What the task asks: A faithful transcription of all the entries below is needed, without the pictures.
Given data START
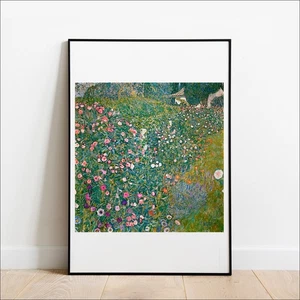 Klimt Italian Garden Landscape fine art print poster wall art garden print - Picture 1 of 9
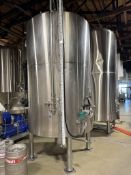 40 bbl JVNW Brite tank : for specs, See PDF Tank Drawings in full description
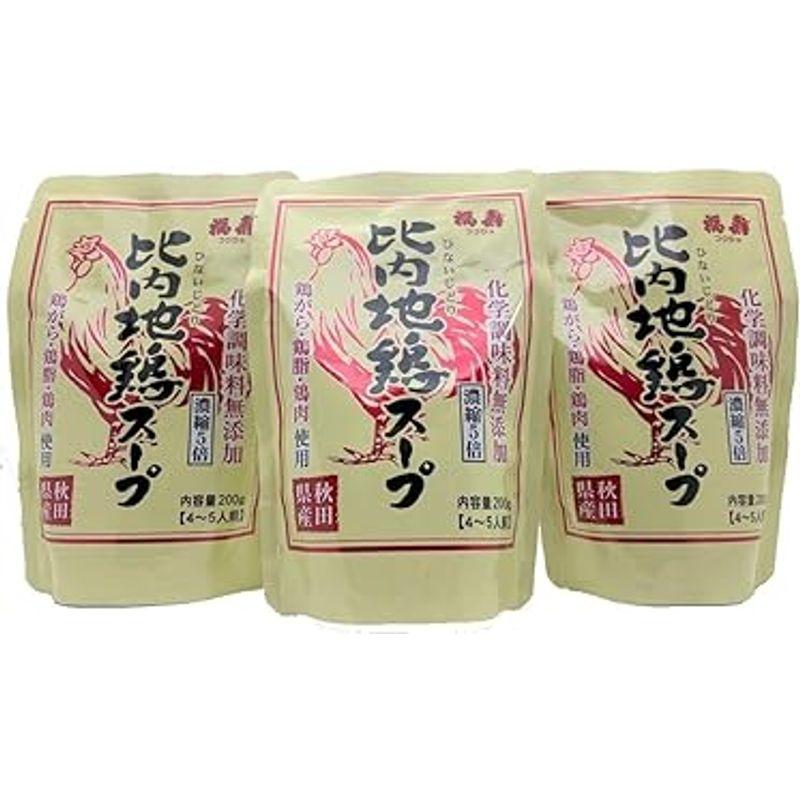 浅利佐助商店 レトルト比内地鶏スープ 200g×3個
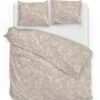 Zo!Home Paisley Di Lino Dekbedovertrek Sandy Beige 1 Zo!Home Paisley Di Lino Dekbedovertrek Sandy Beige -Comfort Beddengoed Winkel zohome dekbedovertrek katoen paisley di lino sandy beige 2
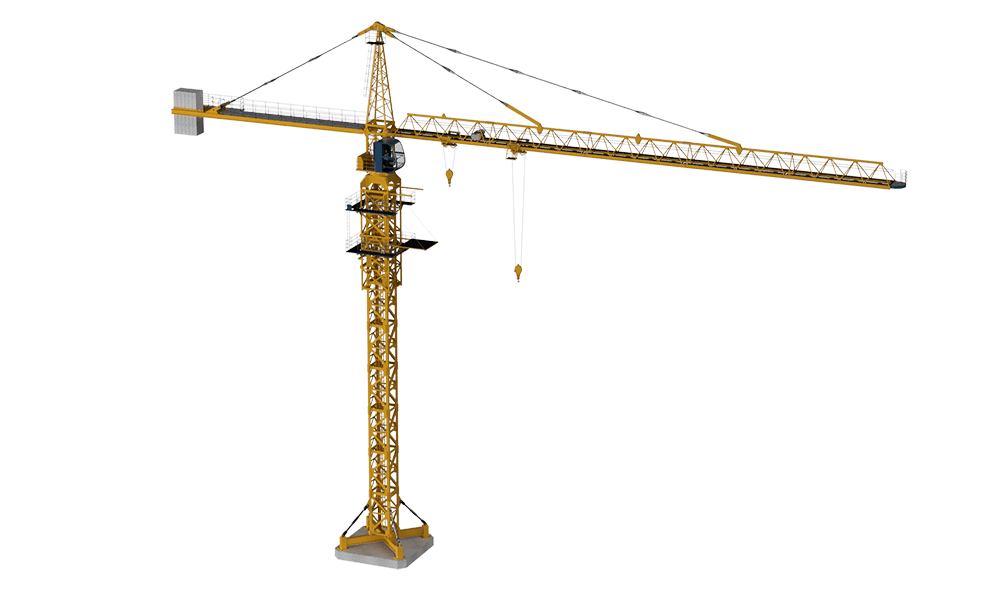 3D rendering of tower crane
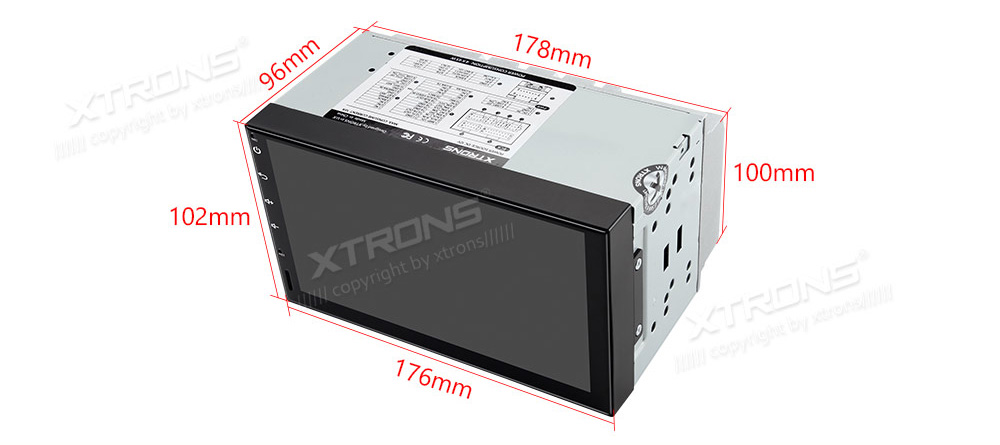 XTRONS TIE723L XTRONS TIE723L mallikohtaisen multimediaradion soveltuvuus autoon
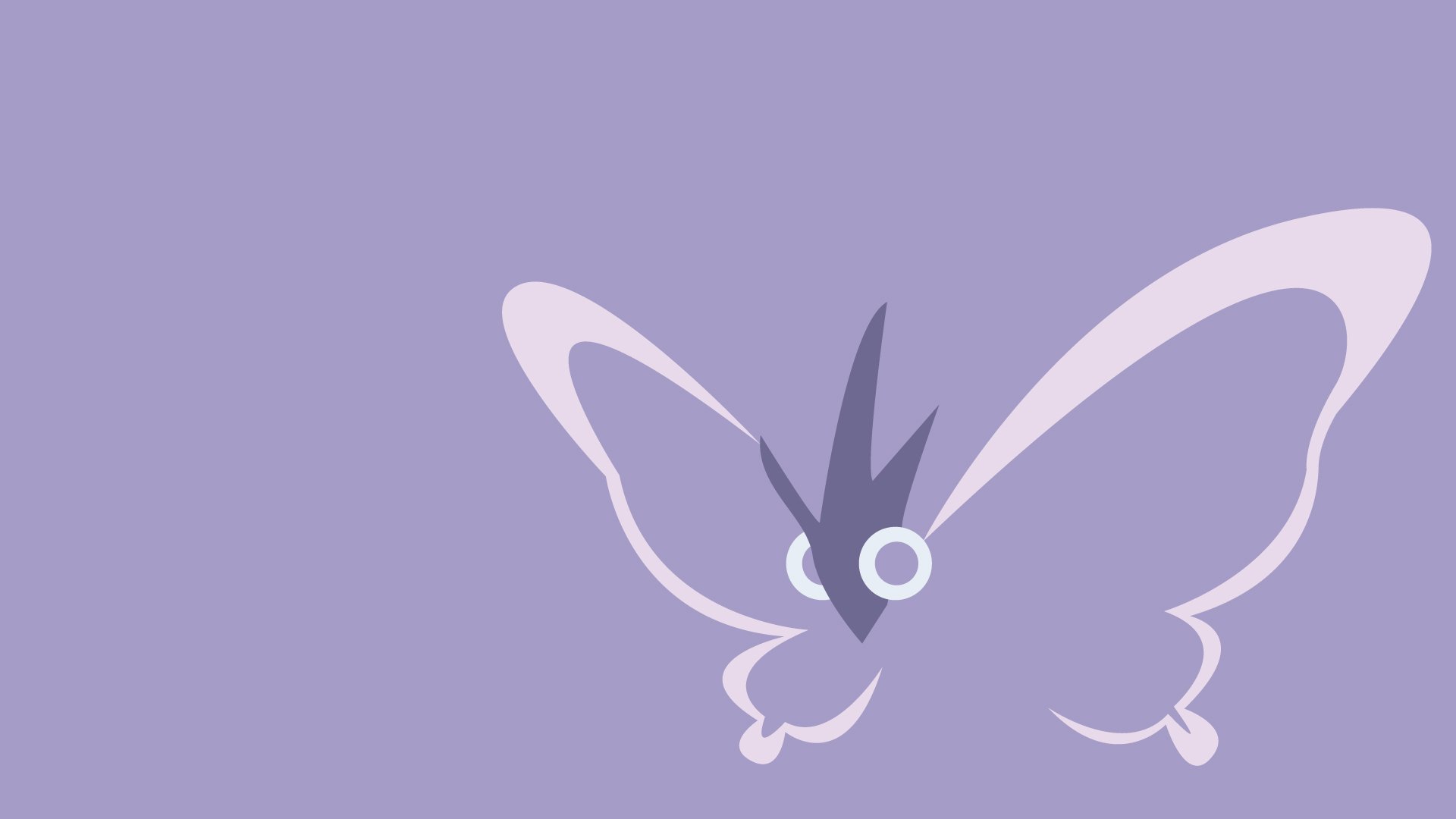 Download Minimalist Venomoth (Pokemon) Video Game Pokemon Minimalist Gaming HD Wallpaper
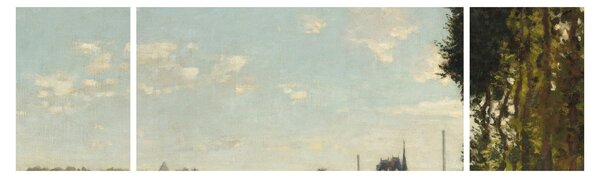 Obraz - Claude Monet, Argenteuil, reprodukcje (170x50 cm)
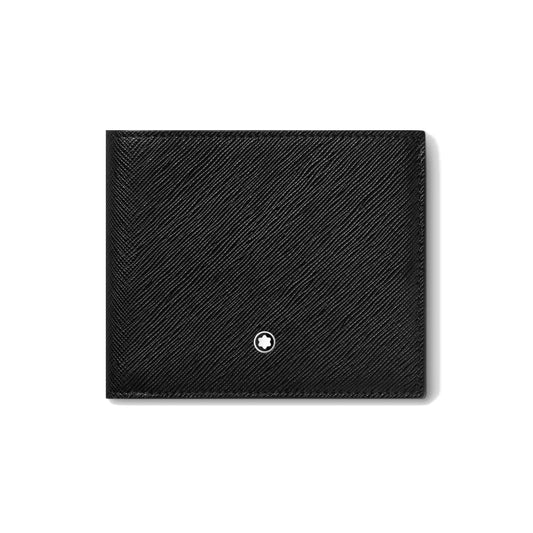 Portafoglio sartorial 8 scomparti nero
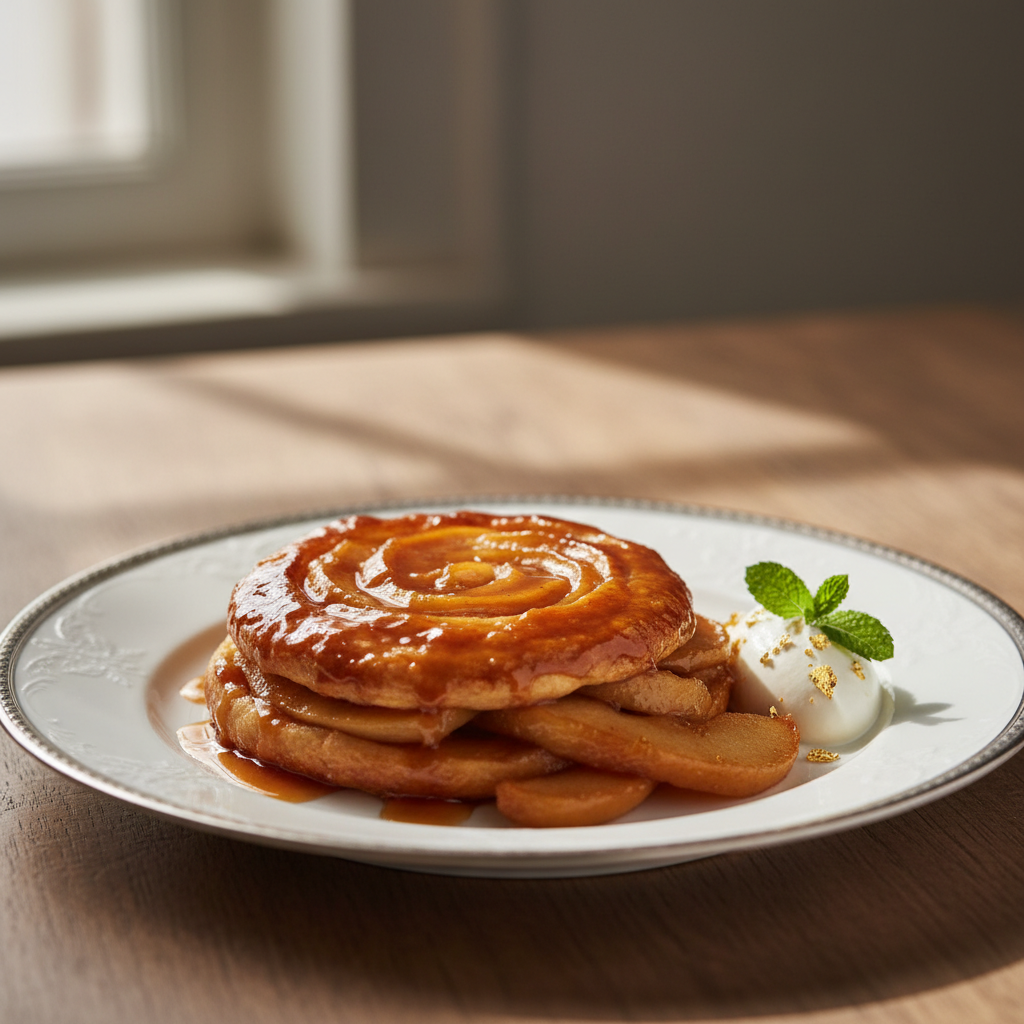 Photo de Recette de la tarte tatin caramélisée et fondante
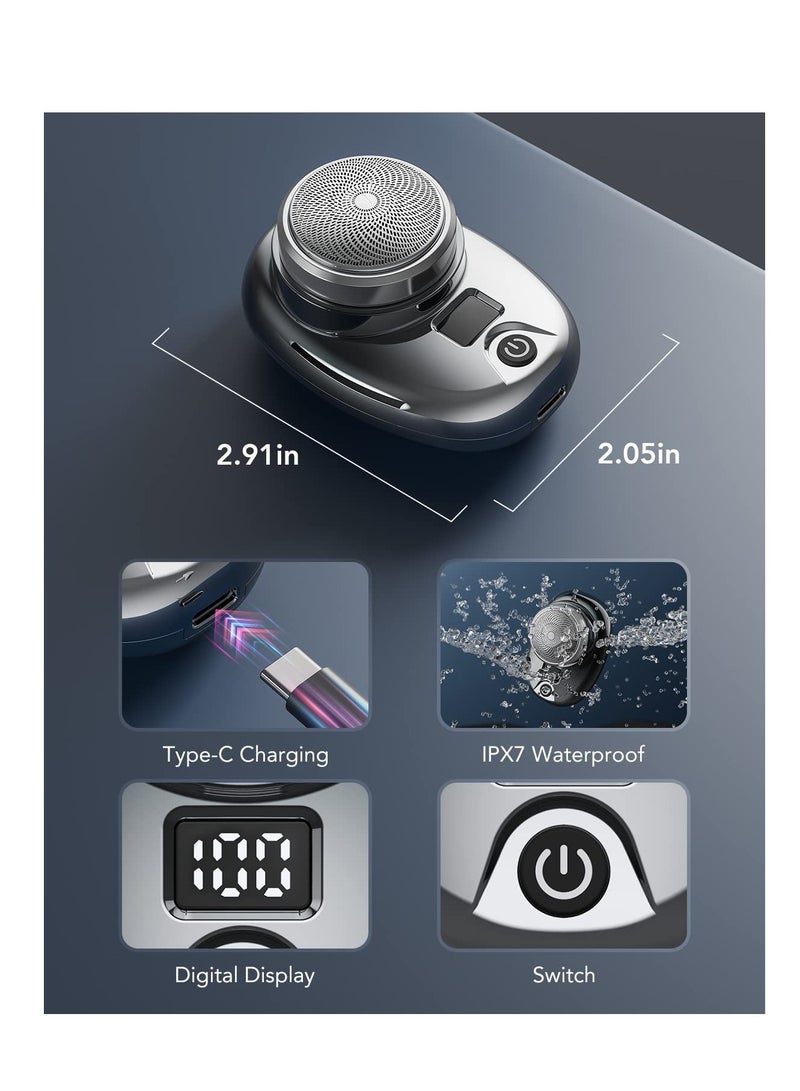 Mini Electric Razor for Men, New Upgrade Electric Shaver, Pocket Size Portable USB Rechargeable Waterproof Shaver - Image 4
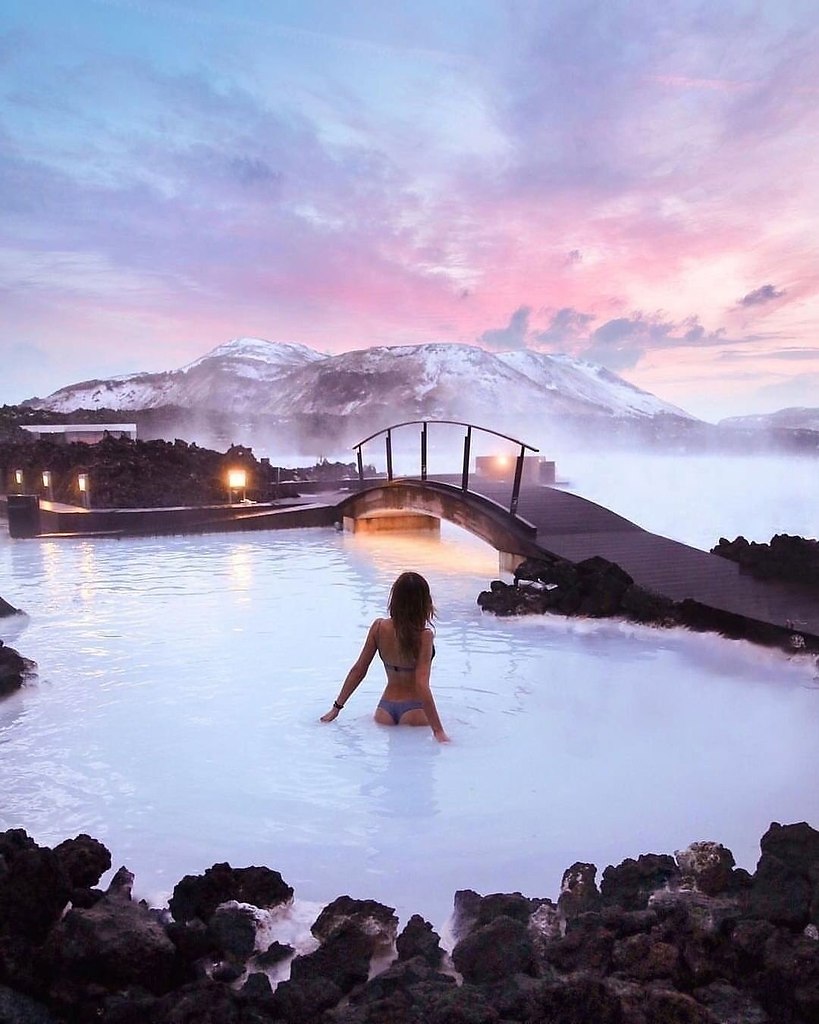 Геотермальный курорт голубая Лагуна, Исландия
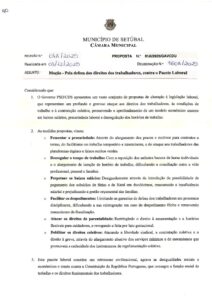 miniatura de 90_GAVCDU – 01A-2025 – Moção – Pela defesa dos direitos dos trabalhadores contra o Pacote Laboral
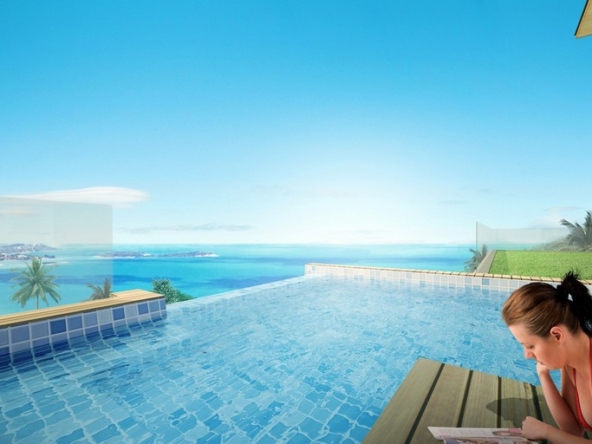 Saitara Peak 4-Bedroom Sea View Villas For Sale, Koh Samui
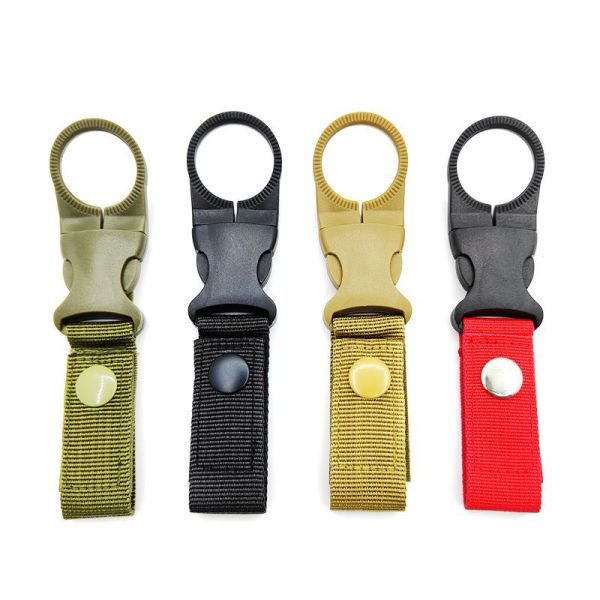 Tactical Nylon Webbing Water Bottle Clip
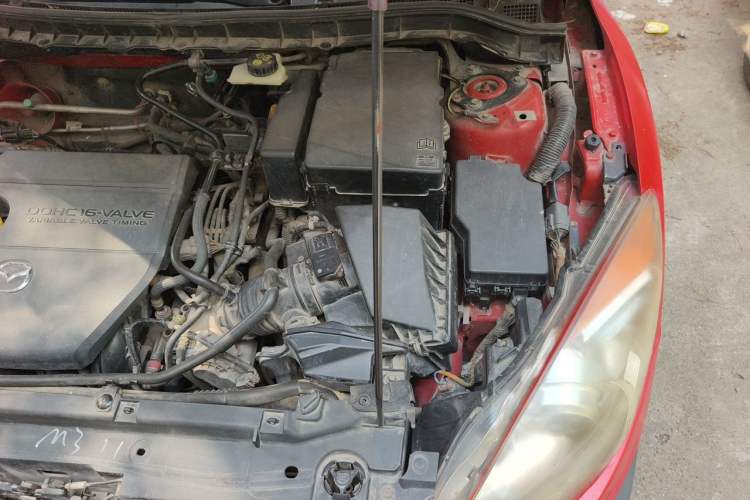 Used Mazda 3 2011 Sedan 2.0L Automatic Luxury Model Engine Bay Left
Given data END
Response to the task:
 Klimt Italian Garden Landscape fine art print poster wall art garden print - Picture 1 of 9
 40 bbl JVNW Brite tank : for specs, See PDF Tank Drawings in full description
 浅利佐助商店 レトルト比内地鶏スープ 200g×3個
 Zo!Home Paisley Di Lino Dekbedovertrek Sandy Beige 1 Zo!Home Paisley Di Lino Dekbedovertrek Sandy Beige -Comfort Beddengoed Winkel zohome dekbedovertrek katoen paisley di lino sandy beige 2
 3D rendering of tower crane
 XTRONS TIE723L XTRONS TIE723L mallikohtaisen multimediaradion soveltuvuus autoon
 Download Minimalist Venomoth (Pokemon) Video Game Pokemon Minimalist Gaming HD Wallpaper
 Obraz - Claude Monet, Argenteuil, reprodukcje (170x50 cm)
 Portafoglio sartorial 8 scomparti nero
 Photo de Recette de la tarte tatin caramélisée et fondante
 Mini Electric Razor for Men, New Upgrade Electric Shaver, Pocket Size Portable USB Rechargeable Waterproof Shaver - Image 4
 Геотермальный курорт голубая Лагуна, Исландия
 miniatura de 90_GAVCDU – 01A-2025 – Moção – Pela defesa dos direitos dos trabalhadores contra o Pacote Laboral
 Saitara Peak 4-Bedroom Sea View Villas For Sale, Koh Samui
 Tactical Nylon Webbing Water Bottle Clip
 Used Mazda 3 2011 Sedan 2.0L Automatic Luxury Model Engine Bay Left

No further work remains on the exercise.